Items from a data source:
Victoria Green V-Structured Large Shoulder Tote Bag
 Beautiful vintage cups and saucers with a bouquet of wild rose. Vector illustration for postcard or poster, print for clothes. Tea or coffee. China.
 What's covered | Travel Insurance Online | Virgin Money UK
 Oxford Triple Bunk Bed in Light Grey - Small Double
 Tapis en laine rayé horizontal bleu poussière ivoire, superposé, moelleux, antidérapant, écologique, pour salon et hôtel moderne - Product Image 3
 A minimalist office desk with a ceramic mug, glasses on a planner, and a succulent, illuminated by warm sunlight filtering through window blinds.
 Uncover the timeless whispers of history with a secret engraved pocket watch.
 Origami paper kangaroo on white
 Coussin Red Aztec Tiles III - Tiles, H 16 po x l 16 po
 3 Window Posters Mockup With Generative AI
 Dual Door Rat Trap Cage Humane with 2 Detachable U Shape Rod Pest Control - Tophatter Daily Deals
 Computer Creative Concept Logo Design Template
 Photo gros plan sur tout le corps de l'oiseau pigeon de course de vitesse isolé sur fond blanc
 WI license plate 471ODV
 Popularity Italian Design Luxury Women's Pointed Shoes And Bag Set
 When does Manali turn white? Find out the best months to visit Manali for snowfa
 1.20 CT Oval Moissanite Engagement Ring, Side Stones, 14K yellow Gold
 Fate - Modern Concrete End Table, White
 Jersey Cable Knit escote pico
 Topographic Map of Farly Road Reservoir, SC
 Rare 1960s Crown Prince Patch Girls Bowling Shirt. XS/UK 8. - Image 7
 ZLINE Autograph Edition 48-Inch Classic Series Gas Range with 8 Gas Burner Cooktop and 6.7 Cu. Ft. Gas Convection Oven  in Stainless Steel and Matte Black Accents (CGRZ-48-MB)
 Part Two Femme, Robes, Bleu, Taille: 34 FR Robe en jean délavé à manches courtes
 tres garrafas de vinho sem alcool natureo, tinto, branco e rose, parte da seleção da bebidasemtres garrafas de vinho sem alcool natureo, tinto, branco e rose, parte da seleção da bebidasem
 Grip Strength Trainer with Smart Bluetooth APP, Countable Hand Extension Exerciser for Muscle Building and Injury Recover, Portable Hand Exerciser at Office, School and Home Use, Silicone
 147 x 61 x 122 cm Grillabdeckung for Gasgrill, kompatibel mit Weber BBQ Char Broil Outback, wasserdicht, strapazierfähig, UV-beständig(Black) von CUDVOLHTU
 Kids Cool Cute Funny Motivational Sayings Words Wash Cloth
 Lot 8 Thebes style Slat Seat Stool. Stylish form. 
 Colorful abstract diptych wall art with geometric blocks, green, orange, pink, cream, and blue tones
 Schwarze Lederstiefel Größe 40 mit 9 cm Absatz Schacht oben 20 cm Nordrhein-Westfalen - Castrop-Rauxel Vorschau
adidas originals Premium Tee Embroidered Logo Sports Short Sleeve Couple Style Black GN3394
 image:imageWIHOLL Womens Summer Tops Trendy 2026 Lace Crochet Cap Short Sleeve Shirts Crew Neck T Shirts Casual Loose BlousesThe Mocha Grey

■ PROBLEM TO SOLVE:
Restate word for word only the lines above from the line containing "Part Two Femme, Robes, Bleu, Taille: 34" to the line containing "Lot 8 Thebes", both of them included.

■ ANSWER SPACE:
 Part Two Femme, Robes, Bleu, Taille: 34 FR Robe en jean délavé à manches courtes
 tres garrafas de vinho sem alcool natureo, tinto, branco e rose, parte da seleção da bebidasemtres garrafas de vinho sem alcool natureo, tinto, branco e rose, parte da seleção da bebidasem
 Grip Strength Trainer with Smart Bluetooth APP, Countable Hand Extension Exerciser for Muscle Building and Injury Recover, Portable Hand Exerciser at Office, School and Home Use, Silicone
 147 x 61 x 122 cm Grillabdeckung for Gasgrill, kompatibel mit Weber BBQ Char Broil Outback, wasserdicht, strapazierfähig, UV-beständig(Black) von CUDVOLHTU
 Kids Cool Cute Funny Motivational Sayings Words Wash Cloth
 Lot 8 Thebes style Slat Seat Stool. Stylish form. 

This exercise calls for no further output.